See [EMBEDDING.md](EMBEDDING.md) for the API surface and bindings contract Sparkless maintainers need.

### 4.4 Risks

- **Schema round-trip**: PySpark/Sparkless types ↔ Polars ↔ Arrow; ensure nullability and types align
- **Performance**: PyO3 overhead vs. native Python Polars; benchmark
- **Error handling**: Rust errors → Python exceptions with useful messages

---

## Phase 5: Test Conversion (2–3 weeks)

**Goal**: Run Sparkless parity tests against robin-sparkless backend.

- [x] Fixture converter produces robin-sparkless fixtures from Sparkless expected_outputs (join, window, withColumn, union, distinct, drop, dropna, fillna, limit, withColumnRenamed; output to `tests/fixtures/converted/` with `--output-subdir`)
- [x] Identify tests that use only supported ops; run those first (run `make sparkless-parity` with `SPARKLESS_EXPECTED_OUTPUTS` set when Sparkless repo available)
- [x] CI: `make sparkless-parity` runs converted tests (converter when path set, then `cargo test pyspark_parity_fixtures`; parity discovers `tests/fixtures/` and `tests/fixtures/converted/`)
- [x] Target: 50+ tests passing on robin-sparkless (93 hand-written passing; document in [SPARKLESS_PARITY_STATUS.md](SPARKLESS_PARITY_STATUS.md); add converted when Sparkless expected_outputs used)
- [x] Document which tests fail and why (missing function, semantic difference) in [SPARKLESS_PARITY_STATUS.md](SPARKLESS_PARITY_STATUS.md); fixtures can use `skip: true` + `skip_reason`

---

## Phase 6: Broad Function Parity (8–12 weeks)

**Goal**: Implement remaining high-usage functions from PYSPARK_FUNCTION_MATRIX.

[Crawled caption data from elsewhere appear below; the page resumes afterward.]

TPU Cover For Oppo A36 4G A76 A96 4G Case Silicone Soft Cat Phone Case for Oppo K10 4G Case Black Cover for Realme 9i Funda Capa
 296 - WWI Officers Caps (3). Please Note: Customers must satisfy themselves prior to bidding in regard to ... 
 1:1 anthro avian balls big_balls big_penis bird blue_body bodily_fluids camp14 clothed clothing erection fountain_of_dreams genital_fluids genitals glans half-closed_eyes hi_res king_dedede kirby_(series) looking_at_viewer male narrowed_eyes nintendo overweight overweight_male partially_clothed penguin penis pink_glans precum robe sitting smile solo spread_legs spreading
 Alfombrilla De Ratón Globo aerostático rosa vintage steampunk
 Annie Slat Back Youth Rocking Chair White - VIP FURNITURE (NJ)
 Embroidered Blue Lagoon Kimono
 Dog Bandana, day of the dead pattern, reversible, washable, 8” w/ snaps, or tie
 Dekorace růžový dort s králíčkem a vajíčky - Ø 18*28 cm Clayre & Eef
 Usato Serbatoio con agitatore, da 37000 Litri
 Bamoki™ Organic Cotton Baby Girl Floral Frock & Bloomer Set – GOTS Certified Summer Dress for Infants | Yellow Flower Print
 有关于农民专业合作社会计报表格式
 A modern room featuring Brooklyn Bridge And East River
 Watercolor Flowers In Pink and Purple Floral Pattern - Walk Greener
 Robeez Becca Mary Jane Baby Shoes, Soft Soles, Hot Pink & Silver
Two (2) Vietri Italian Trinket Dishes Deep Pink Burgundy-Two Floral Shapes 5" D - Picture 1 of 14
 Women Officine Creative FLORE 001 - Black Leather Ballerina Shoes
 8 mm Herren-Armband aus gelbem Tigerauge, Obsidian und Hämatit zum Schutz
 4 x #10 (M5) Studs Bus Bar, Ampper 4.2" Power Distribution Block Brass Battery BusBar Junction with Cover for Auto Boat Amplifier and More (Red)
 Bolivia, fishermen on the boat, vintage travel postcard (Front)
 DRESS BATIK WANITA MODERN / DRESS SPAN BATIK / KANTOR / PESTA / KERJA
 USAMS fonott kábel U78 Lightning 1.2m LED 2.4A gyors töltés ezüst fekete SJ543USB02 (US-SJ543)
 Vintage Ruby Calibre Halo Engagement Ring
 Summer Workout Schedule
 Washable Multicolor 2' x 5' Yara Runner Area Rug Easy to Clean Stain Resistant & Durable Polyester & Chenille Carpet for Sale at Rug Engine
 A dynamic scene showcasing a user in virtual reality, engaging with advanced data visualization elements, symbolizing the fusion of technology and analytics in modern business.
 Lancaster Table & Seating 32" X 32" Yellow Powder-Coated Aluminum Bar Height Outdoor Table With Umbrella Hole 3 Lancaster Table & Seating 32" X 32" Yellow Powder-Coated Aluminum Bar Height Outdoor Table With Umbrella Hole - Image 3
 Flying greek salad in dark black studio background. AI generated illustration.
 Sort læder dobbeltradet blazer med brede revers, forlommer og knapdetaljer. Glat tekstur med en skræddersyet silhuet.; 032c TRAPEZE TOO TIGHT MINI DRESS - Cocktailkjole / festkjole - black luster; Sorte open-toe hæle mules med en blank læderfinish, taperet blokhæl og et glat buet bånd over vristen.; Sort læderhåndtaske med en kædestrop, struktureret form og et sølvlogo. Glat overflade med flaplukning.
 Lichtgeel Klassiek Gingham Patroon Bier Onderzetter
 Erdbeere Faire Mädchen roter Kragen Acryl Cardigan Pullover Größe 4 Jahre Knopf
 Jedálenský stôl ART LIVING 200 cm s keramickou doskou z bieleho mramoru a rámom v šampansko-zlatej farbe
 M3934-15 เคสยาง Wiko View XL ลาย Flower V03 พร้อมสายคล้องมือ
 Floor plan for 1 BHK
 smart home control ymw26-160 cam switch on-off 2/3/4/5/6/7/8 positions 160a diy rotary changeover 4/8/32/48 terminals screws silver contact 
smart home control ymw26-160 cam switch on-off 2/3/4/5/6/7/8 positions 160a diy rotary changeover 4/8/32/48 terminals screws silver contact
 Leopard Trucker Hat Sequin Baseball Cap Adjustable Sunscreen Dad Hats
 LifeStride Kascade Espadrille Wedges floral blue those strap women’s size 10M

### 6.1 Array Functions (Phase 6a done)

- [x] `array`, `array_contains`, `array_join`, `array_max`, `array_min`
- [x] `array_size`, `array_sort`, `element_at`, `explode`
- [x] `array_slice`, `size` (alias for array_size)
- [x] `array_position`, `array_remove`, `posexplode` (implemented via Polars list.eval; Rust + Python)
- [x] `array_repeat`, `array_flatten` (Phase 8; implemented via Expr::map UDFs)
- [x] `array_exists`, `array_forall`, `array_filter`, `array_transform`, `array_sum`, `array_mean` (list.eval / list_any_all)
- [ ] `aggregate` (array_aggregate; optional follow-up)

### 6.2 Map Functions ✅ (Phase 8)

- Map represented as `List(Struct{key, value})`. **Phase 8 completed**: `create_map` (as_struct + concat_list), `map_keys`/`map_values` (list.eval + struct.field_by_name), `map_entries` (identity), `map_from_arrays` (zip UDF).

### 6.3 JSON & Binary → Phase 8

- JSON/binary deferred to **Phase 8**. Polars JSON support is behind optional features.
- *Phase 8*: `get_json_object`, `from_json`, `to_json`, `base64`, `unbase64`, etc.

### 6.4 Additional String ✅

- [x] `regexp_extract_all`, `regexp_like` (Phase 6e)
- [x] `regexp_replace` (already present)
- [x] `mask`, `translate`, `substring_index` (Phase 10)
- [x] `soundex`, `levenshtein`, `crc32`, `xxhash64` (Phase 8; UDFs via strsim, crc32fast, twox-hash, soundex crates)

### 6.5 Window Extensions (partial; fixture simplification → Phase 8)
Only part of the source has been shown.